Perceptron Learning Algorithm and Stochastic Gradient Descent

by allenlu2007

Please refer to 林軒田’s lecture.


好好想一想,以下包含所有的 machine learning 精華!

Step 1 Based on Hypothesis (linear hypothesis, logistic hypothesis, etc.), 如何 optimize w (=> Algorithm A)?  

==> w 基本上是 (xi, yi) 的 linear combination =>   w = sum ( alpha xi yi)  for classification  and sum( alpha xi error(i) ) for linear regression.

where error(i) = (y(i) – f(xi) ) = y(i) – w(i) x(i)


在此可以引入 kernel 的觀念:   x -> phi(x)  w -> w_new

w_new = sum( alpha yi phi(xi) )


Step 2: 如何重組回 Hypothesis function, H or f(x)

==> 最簡單是 f(x) = w’x = sum( beta yi xi x ) 

如果有 kernel

==>  f(x) = sum( beta yi phi(x) phi(xi))   phi(x) * phi(xi) 就是 similarity 的測量!!  Linear 只是 inner product.  也可以用 Gaussian kernel (RBF)
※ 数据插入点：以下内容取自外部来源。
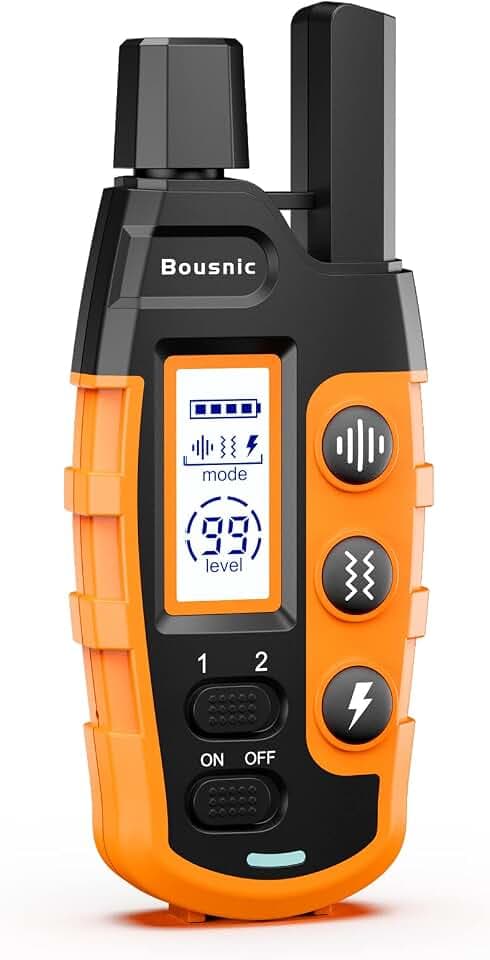 Bousnic RS2A and RS2B Replacement Remote, Only for RS2B and RS2A Dog Training Collar. (Only 1 Remote is Included, There is No Receiver, No Charging Cable, No Contact Points.)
重點在 beta (weighting) -> 這是由 w or w_new 在 learning 時決定的。 On-line learning 則可以 dynamically 修改。

如果 beta(i) = 0 則代表非 supporting vector (不重要!)  所以 SVM 是 special case.  

SVM 以及 L1 error 可以造成 sparsity ==>  可以省下 testing 和 CV 時的 computation effort!!!!


如果是 linear regression

f(x) = w’ x= sum( beta (yi – w’ xi) xi x ) = sum ( beta yi xi x – w’ xi xi x )  ==>  Need more derivation to confirm linear regression case!! 







I like the perceptron learning algorithm (PLA) idea.

It’s very geometric and intuitive!!!!

同時可以比較 PLA, Logistic Regression, and SVM!!!


Gradient descent, especially apply to logistic regression, can be regarded as soft PLA!

Actually, not gradient descent, but stochastic gradient descent.


General form:


w(n+1) = w(n) + (error) * (yn zn)


w_pla = sum(beta_n (yn zn))  n from 1 to N (data)    beta is mistake correction #


Logistic Regression

w(n+1) = w(n) + soft_error * (yn zn)


w_logisticregression = sum( E(??) * (yn zn))

注意如果是 linear regression, 其實是一樣 (stochastic gradient descent)

w_lin(n+1) = w_lin(n) + alpha * ( error ) * zn

where error = ( y(n) – w_lin(n)’ zn ) 


wsvm = sum( alpha(n) * (yn zn))  from 1 to N (data), only support vectors

也就是非 support vector 根本不影響 w 的變化。


w_pla = sum(beta_n* (yn zn))

PLA 是用容易犯錯的點來表示。SVM 是用 support vector (也是容易犯錯的點) 來表示!


f(x) = sum( a_i yi (xi’ x) + b )


w => linear combination of yn zn (beta_n), 同時 yn zn 愈近 boundary, beta_n 愈大 


這也順便 link representer theorem and Kernel method.

For any L2-regularized cost/loss function in terms of zn * yn (or linear model)

w* = linear combination of zn * yn. 

==> 可以 apply kernel trick!


L1 regularize 就不行?  對!  因為在 proof 用到 垂直正交 = 0 的特性。也就是L2切線的特性 (微分=0)。

但在 L1 卻是 vertex (simplex) 的特性。所以 L2 regularized 的特性是 sparsity 而非 微分=0!!!


L2-regularized  ===  Kernel!!!

L1-regularized <<<<>>> kernel!!!


Kernel can be applied to :

SVM – L2 regularized inherent 

Linear regression with L2

Logistic regression with L2

PLA with L2